Year after year, with tragic accuracy, the United States of America has played host to acts of violence of the worst kind. Worst because the victims are often the most powerless (children, teenagers & handicapped) and least connected to their perpetrators (mostly bystanders). The Columbine High School Massacre, Red Lake Senior High School, Virginia Tech Shooting, Sandy Hook Elementary School Shooting, Binghampton Shootings, Fort Hood Massacre, Aurora Theatre Shooting, Charleston Church shootings, San Bernardino shootings… the list is unabated.

America suffers from a deep-rooted culture of gun and arms related violence that needs deep investigation and anthropological introspection in order to find a solution. A simple search on Wikipedia[1] lists as many as over 430 incidents related to school shootings alone. 38 of these incidents occurred before 1900, 51 before WWII, 108 between between 1940–1990, 61 between 1990–2000, and a whopping 176 in the digital age, from 2000 till until now. Add to this list acts of violence at malls, theatres, community centres, streets & nightclubs and one is staring at over 500 such reported incidents! A handful of these are acts of terrorism. Each and every act, without exception, is an act of violence borne from possessing a gun

As the US transitioned from the recessionary and war strewn 30’s-60’s, into the flower power 70s and beyond, there was a visible shift in victims of gun violence; from families and felony related shootings to mass shootings of just about anyone! Simply put, there was almost no logic to why someone killed someone. They just did and as a victim, you just happened to be at the wrong place at the wrong time.

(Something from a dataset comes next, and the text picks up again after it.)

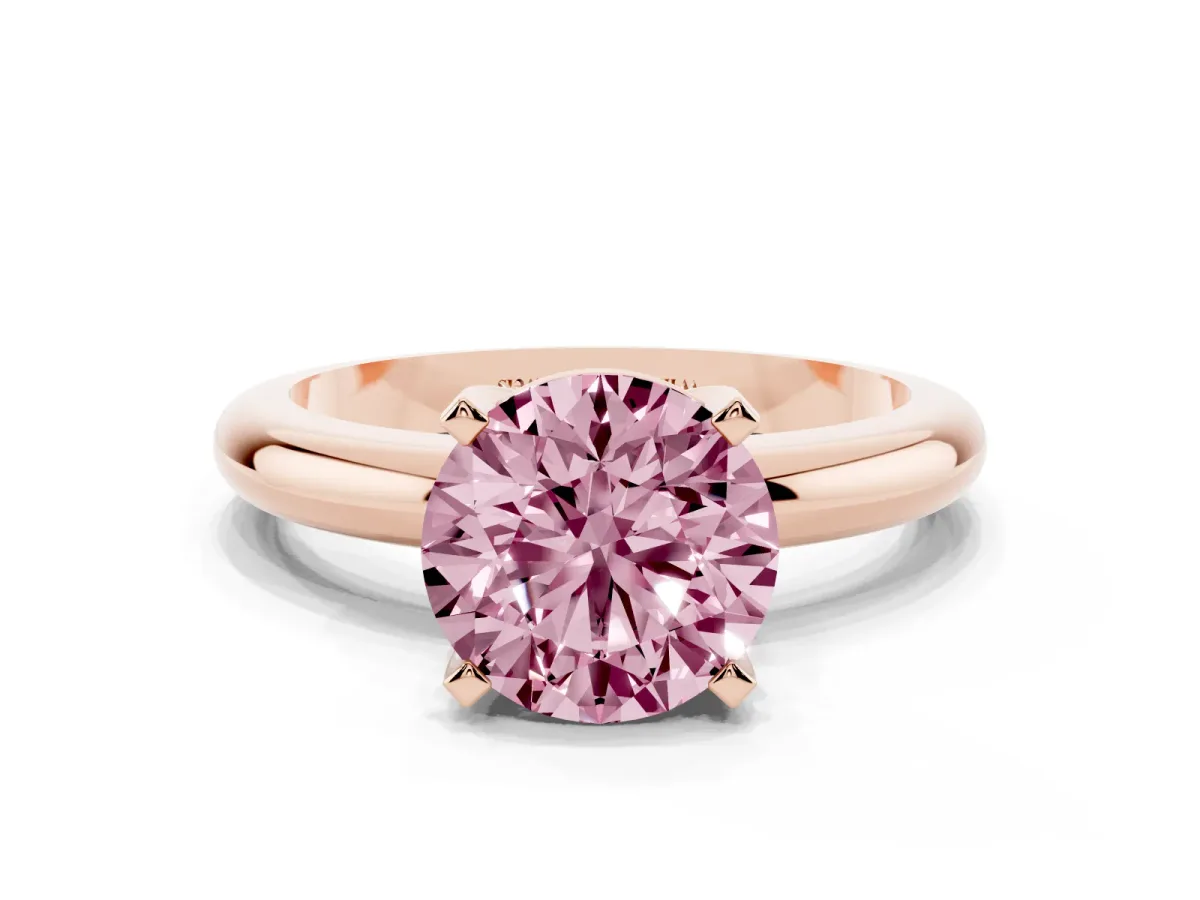 Fancy Pink Round Cut Diamond Solitaire Engagement Ring with Round Band and Four-Prong Setting Rose gold
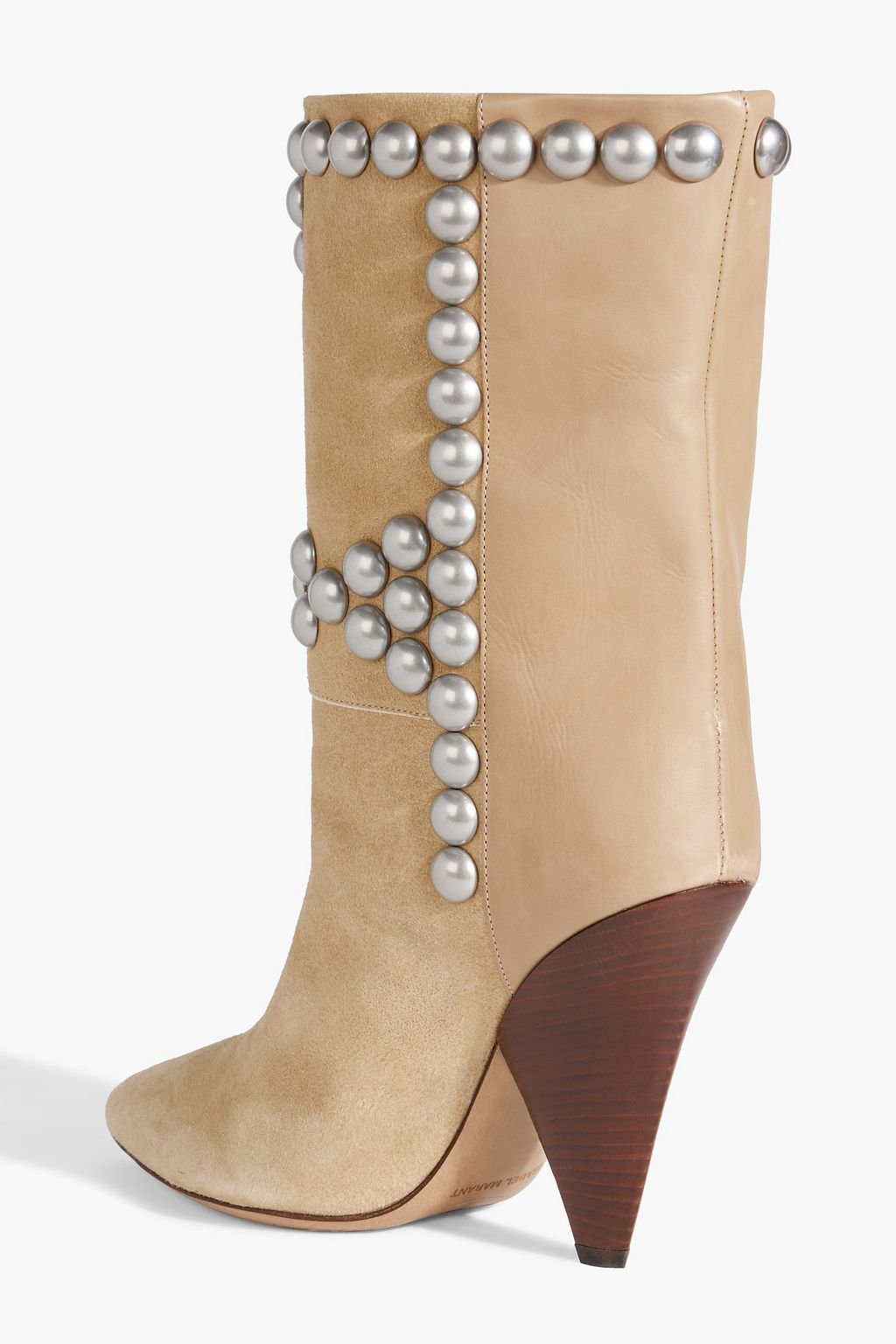 ISABEL MARANT Layo studded leather and suede ankle boots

As gun related violence has gone up, so has the debate for and against guns. The Democrats, particularly President Obama have time and again called for more stringent gun control as a measure to stem violence. The Republicans and proponents of guns call for greater and easier access to guns as a deterrent. This doesn’t make sense. The USA already has the highest ratio of guns to citizens at 90 per 100[2]! Almost a third of all firearms owned by people across the world are in the US alone. The solution here isn’t providing more guns; rather it is solving the problem of having too many guns.

At times, a case is made for the mental condition of those responsible for mass shootings. This is largely true. Of 67 shooters in the last 30+ years, 65 had mental issues[3]. Worryingly 55 obtained firearms legally. This points to a systemic vacuum in controlling who has access to guns and who does not. Owning a gun cannot be a right; it must be a privilege. Just as respecting an individual cannot be a privilege; it must be our duty.

The next few days will reveal how deep an act of terrorism the Orlando mass shootings were. But we already know that its’ the most vicious act in America’s (statistically) well distributed history of gun violence. Until one doesn’t see the forest among the trees, a solution to this cultural malaise will be hard to come by.